The Bachelor and the Bobby-Soxer | |
---|---|
Directed by | Irving Reis |
Written by | Sidney Sheldon |
Produced by | Dore Schary |
Starring | Cary Grant Myrna Loy Shirley Temple |
Cinematography | Nicholas Musuraca Robert De Grasse |
Edited by | Frederic Knudtson |
Music by | Leigh Harline |
Production company | Vanguard Films |
Distributed by | RKO Radio Pictures |
Release dates | |
Running time | 95 minutes |
Country | United States |
Language | English |
Budget | $1,961,000 [2] [3] |
Box office | $5,550,000 (worldwide rentals) [2] [3] |
The Bachelor and the Bobby-Soxer (released as Bachelor Knight in the United Kingdom [4] ) is a 1947 American screwball romantic comedy-drama film directed by Irving Reis and written by Sidney Sheldon. The film stars Cary Grant, Myrna Loy and Shirley Temple in a story about a teenager's crush on an older man.
On its release, The Bachelor and the Bobby-Soxer was received positively by audiences and critics. Sidney Sheldon won an Academy Award for Best Original Screenplay for the script.
Margaret and Susan Turner are sisters who live together. Susan is an intelligent 17-year-old high-school student with a habit of forming short-lived enthusiasms after hearing the regular guest lectures at school. Margaret, who is a judge, is Susan's guardian.
Richard Nugent, a handsome and sophisticated artist, is a defendant in Margaret's courtroom, charged by assistant district attorney Tommy Chamberlain with starting a nightclub brawl. Margaret releases him with a warning when it becomes clear that the fight was started by two women fighting over him.
Richard proceeds to Susan's school, where he is the guest lecturer for the day. Listening to his speech, Susan becomes infatuated with him. After the talk, she finds a reason to spend time with him and suggests that she model for him. That evening, she wears a sophisticated dress and sneaks away from home and into his apartment while he is out.
Soon after Richard returns and discovers Susan in his apartment, Tommy and Margaret arrive frantically beating on the door. Richard assaults Tommy and is held in jail until Matt Beemish, the court psychiatrist and also Margaret and Susan's uncle, intervenes and explains the situation. He recommends allowing Susan to date the 35-year-old Richard until the infatuation dissipates, and Tommy promises to drop the assault charge if Richard complies.
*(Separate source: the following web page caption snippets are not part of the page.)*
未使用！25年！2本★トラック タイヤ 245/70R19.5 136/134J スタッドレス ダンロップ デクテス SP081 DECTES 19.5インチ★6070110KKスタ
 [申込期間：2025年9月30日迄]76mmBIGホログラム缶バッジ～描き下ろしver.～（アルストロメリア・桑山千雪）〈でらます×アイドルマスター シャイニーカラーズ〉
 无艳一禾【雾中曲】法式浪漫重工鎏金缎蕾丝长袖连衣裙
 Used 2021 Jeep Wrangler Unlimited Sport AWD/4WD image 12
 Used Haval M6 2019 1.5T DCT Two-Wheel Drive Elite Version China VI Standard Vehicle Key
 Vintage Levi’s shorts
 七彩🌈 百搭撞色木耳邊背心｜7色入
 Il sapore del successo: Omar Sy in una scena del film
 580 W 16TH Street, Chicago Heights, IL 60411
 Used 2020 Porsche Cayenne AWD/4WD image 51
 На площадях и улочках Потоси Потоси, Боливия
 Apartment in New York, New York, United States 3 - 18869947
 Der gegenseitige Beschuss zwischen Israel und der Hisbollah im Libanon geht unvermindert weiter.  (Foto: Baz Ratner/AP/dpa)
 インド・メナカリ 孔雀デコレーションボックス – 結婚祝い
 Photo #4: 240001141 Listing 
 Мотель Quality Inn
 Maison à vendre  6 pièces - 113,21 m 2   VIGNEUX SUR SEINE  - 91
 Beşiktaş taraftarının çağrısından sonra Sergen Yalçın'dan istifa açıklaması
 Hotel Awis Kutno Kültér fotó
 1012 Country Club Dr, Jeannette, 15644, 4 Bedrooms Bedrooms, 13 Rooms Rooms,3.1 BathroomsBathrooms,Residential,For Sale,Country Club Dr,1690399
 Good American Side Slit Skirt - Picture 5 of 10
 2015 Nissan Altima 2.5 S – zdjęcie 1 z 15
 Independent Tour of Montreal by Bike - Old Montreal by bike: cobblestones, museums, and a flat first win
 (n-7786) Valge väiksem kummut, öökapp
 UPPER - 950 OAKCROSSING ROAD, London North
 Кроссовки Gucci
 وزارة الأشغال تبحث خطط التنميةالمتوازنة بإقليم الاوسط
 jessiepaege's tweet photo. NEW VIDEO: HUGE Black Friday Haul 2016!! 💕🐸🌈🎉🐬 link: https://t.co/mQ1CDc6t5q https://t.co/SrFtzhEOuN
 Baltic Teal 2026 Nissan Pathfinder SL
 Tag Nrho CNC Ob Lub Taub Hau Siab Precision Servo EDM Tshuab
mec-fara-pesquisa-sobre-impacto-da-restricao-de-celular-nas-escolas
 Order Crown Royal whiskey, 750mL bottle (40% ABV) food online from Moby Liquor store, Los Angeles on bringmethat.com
At a high-school basketball game, Richard tries unsuccessfully to boost Susan's image of her ex-boyfriend Jerry White. At a school picnic, Susan persuades Richard to enter a series of novelty races, but he loses repeatedly to Tommy. In the main event, an obstacle course, Susan asks Jerry to help Richard win. Because he still loves her, Jerry complies, getting his friends to obstruct the other competitors and colliding with Tommy so that Richard wins the event.
Richard and Margaret are attracted to each other, but Tommy considers Richard a habitual troublemaker and wants Margaret for himself. Hoping that Richard will stop seeing Margaret if he no longer must date Susan, Tommy announces that he is dropping the charge. When Richard and Margaret get away and visit a nightclub, they are continuously interrupted. Susan dramatically accuses Margaret of stealing her boyfriend. Uncle Matt takes Susan in hand and makes her realise that she is only infatuated with Richard and he is too old for her so she returns to Jerry, who is being drafted into uniform.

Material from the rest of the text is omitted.